Powertrain performance remains a weak point for the Patriot and keeps it from being a well-rounded performance package. Otherwise, the Patriot handles quite well and can take on rugged trails when properly equipped.
The unhappy part about the Patriot's performance is how the four-cylinder engines work with the available continuously variable automatic transmission (CVT). On the highway especially, the CVT-equipped Patriot seems a bit sluggish and noisy compared to other vehicles in this class (Jeep claims again to have made more improvements to the CVT calibration for 2012). We still haven't put a 2012 CVT-equipped Patriot through the paces, but based on past drives we'd recommend going with the manual-transmission version, as well as opting for the stronger 172-hp, 2.4-liter engine, as there's not much of a real-world fuel-economy penalty.
Otherwise, there's a lot to love in the city and at low speeds, where the steering feels responsive and communicative, and the Patriot's compact-car size and well-defined corners make it one of the easiest vehicles to park and maneuver.

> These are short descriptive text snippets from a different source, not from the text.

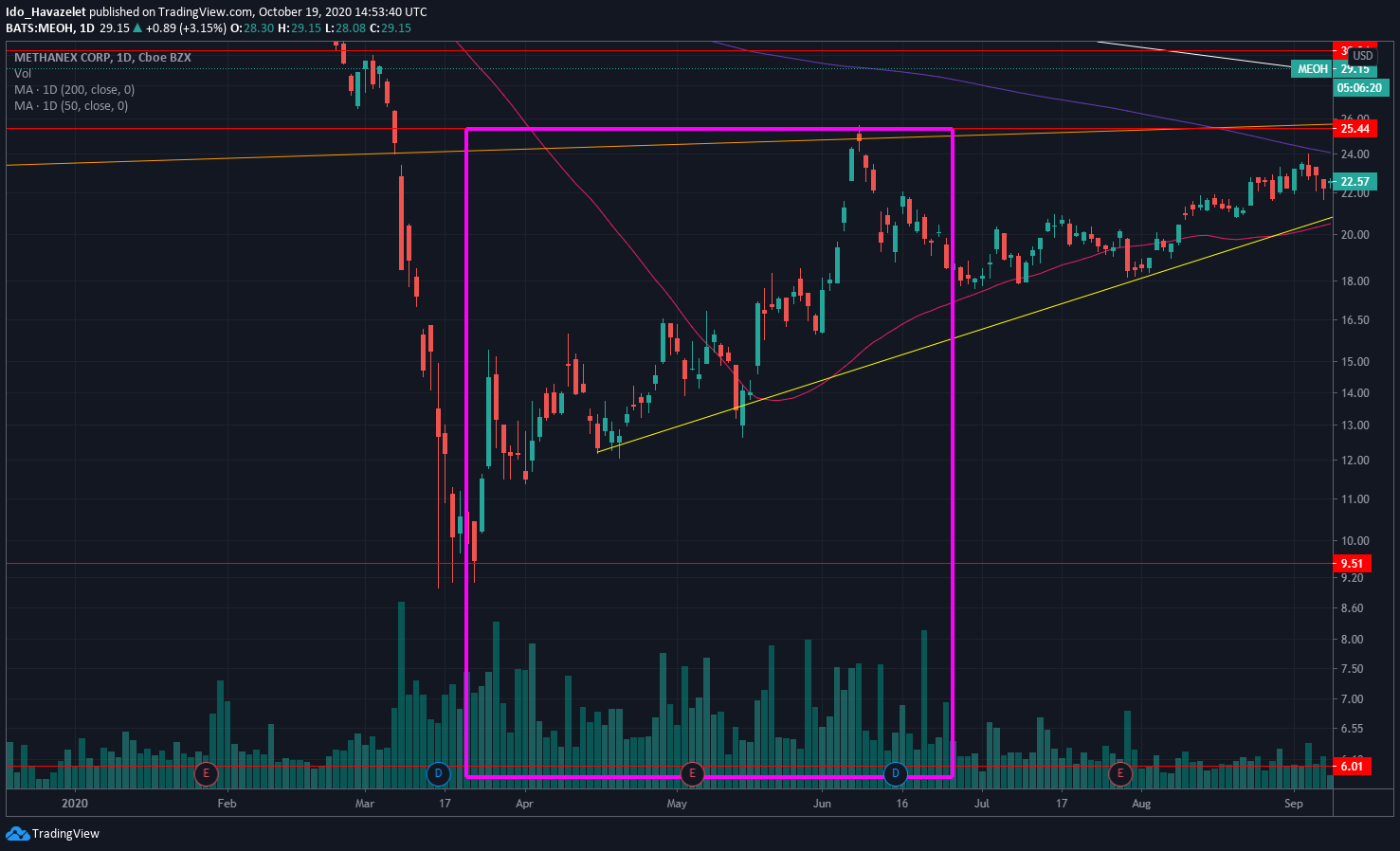  Chart Image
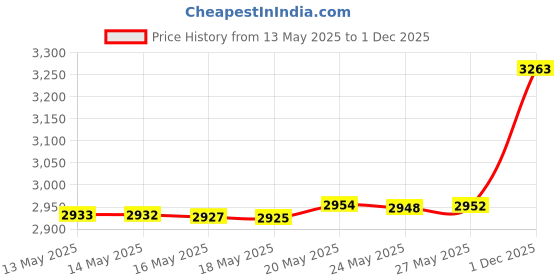 amazon.in J&J Dent Fls Wax Size 55yd Johnson & Johnson Reach Waxed Dental Floss 55 Yds Price History Graph from 13 May 2025 to 1 Dec 2025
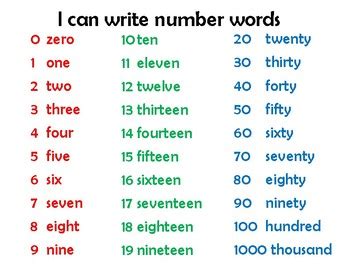 Writing Number Words Anchor Chart by Daily Differentiation | TPT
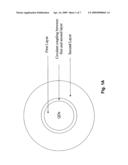 NOVEL WATER-SOLUBLE NANOCRYSTALS COMPRISING A POLYMERIC COATING REAGENT, AND METHODS OF PREPARING THE SAME diagram and image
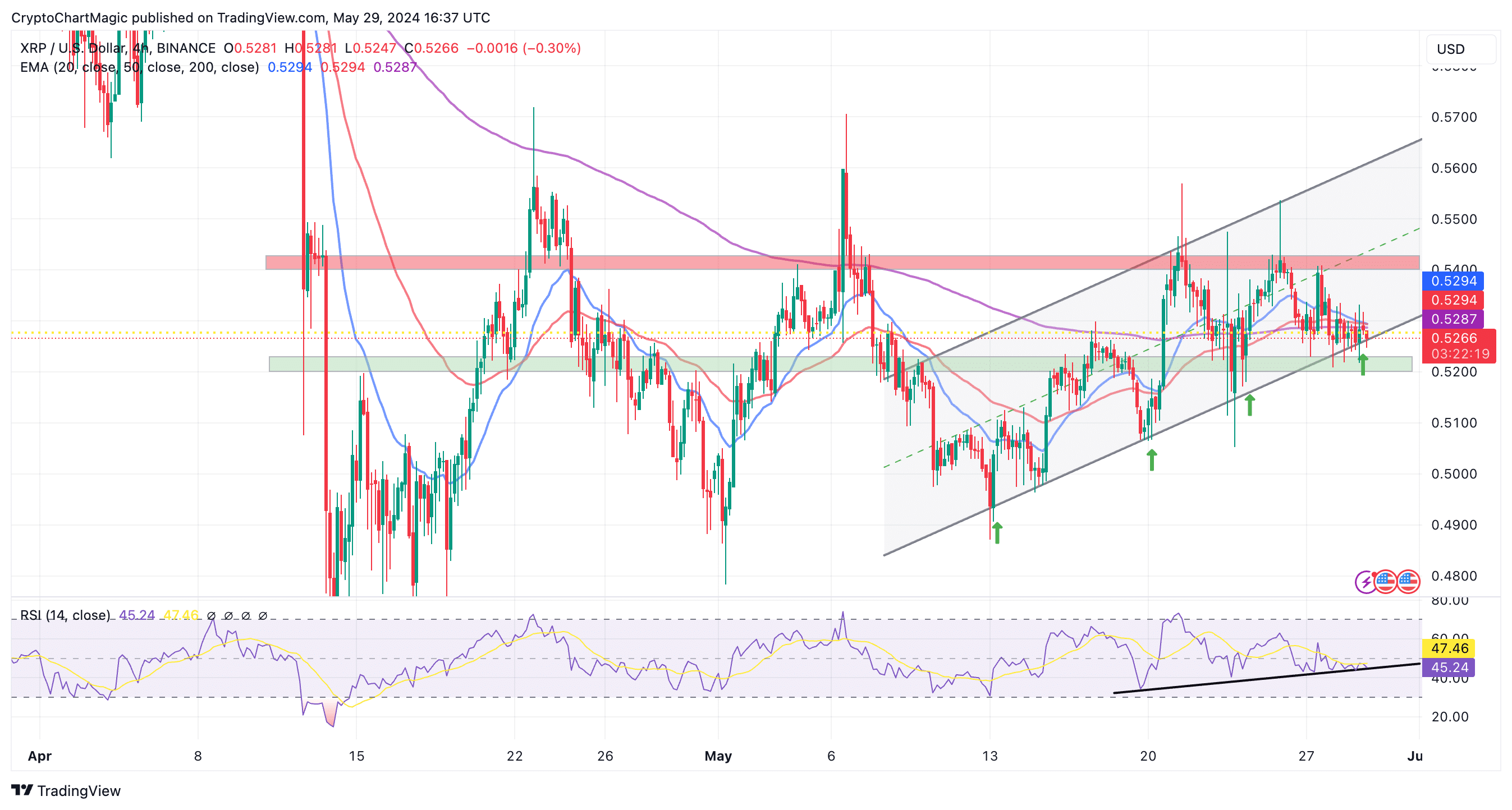 XRP Price Loss Chart |  Commercial view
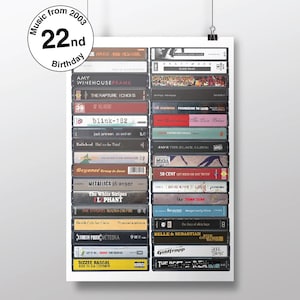 22.º cumpleaños - Música 2003 - Nacido en 2003 - Regalo para el 22.º cumpleaños - Regalo personalizado para el 22.º cumpleaños - Impresión personalizable - Tarjeta para el 22.º cumpleaños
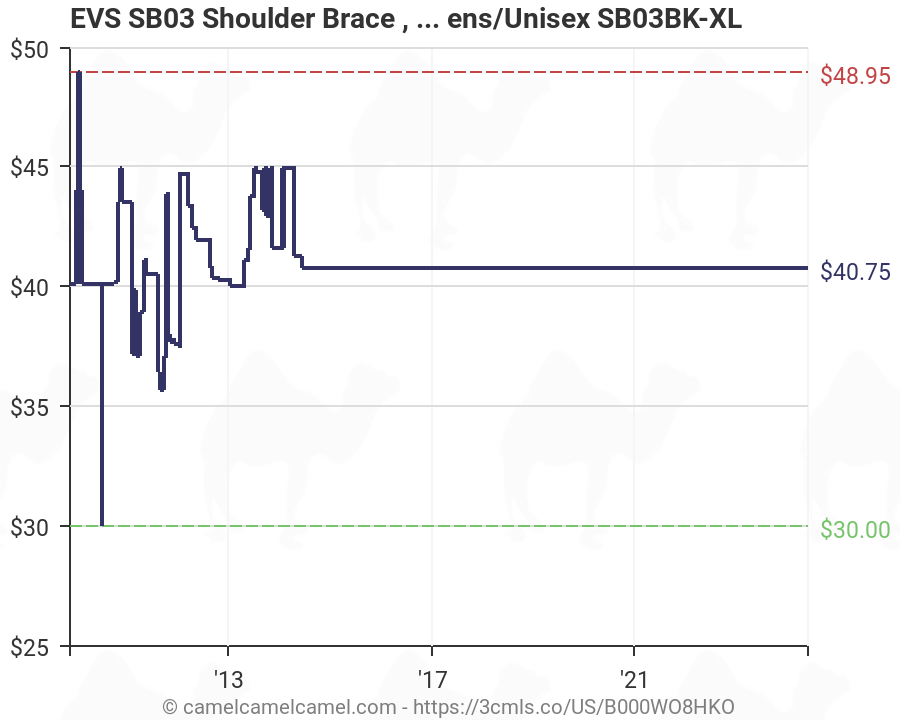 Evs Shoulder Brace Size Chart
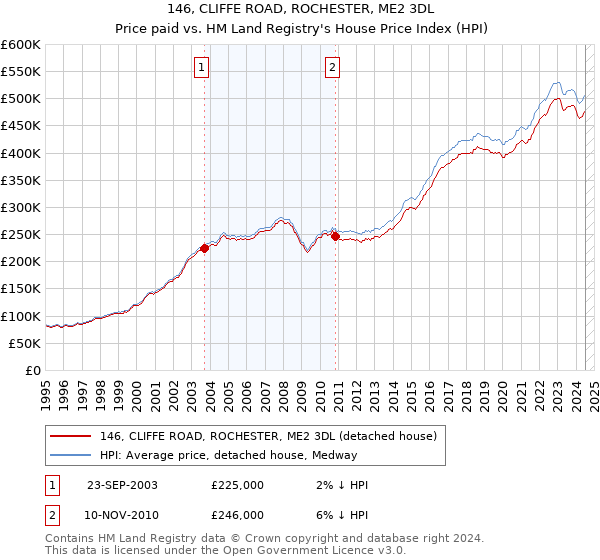 146, CLIFFE ROAD, ROCHESTER, ME2 3DL: Price paid vs HM Land Registry's House Price Index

If you ever only plan to drive the Patriot in the city and suburbs, and you live in a warm climate, you'll probably be happy with the front-wheel drive version. But for the rest, there are two different four-wheel drive systems offered. Freedom Drive I is an active system much like those in other all-wheel-drive sedans and crossovers—although it does have a diff-lock mode. But the star of the lineup is Freedom Drive II, which brings a truly Jeep-caliber level of off-road prowess to this vehicle, surprisingly; it includes low-range gearing (through a special version of the CVT), hill descent control, and extra ground clearance—plus a tougher suspension, skid plates, heavy-duty cooling, and hill descent control.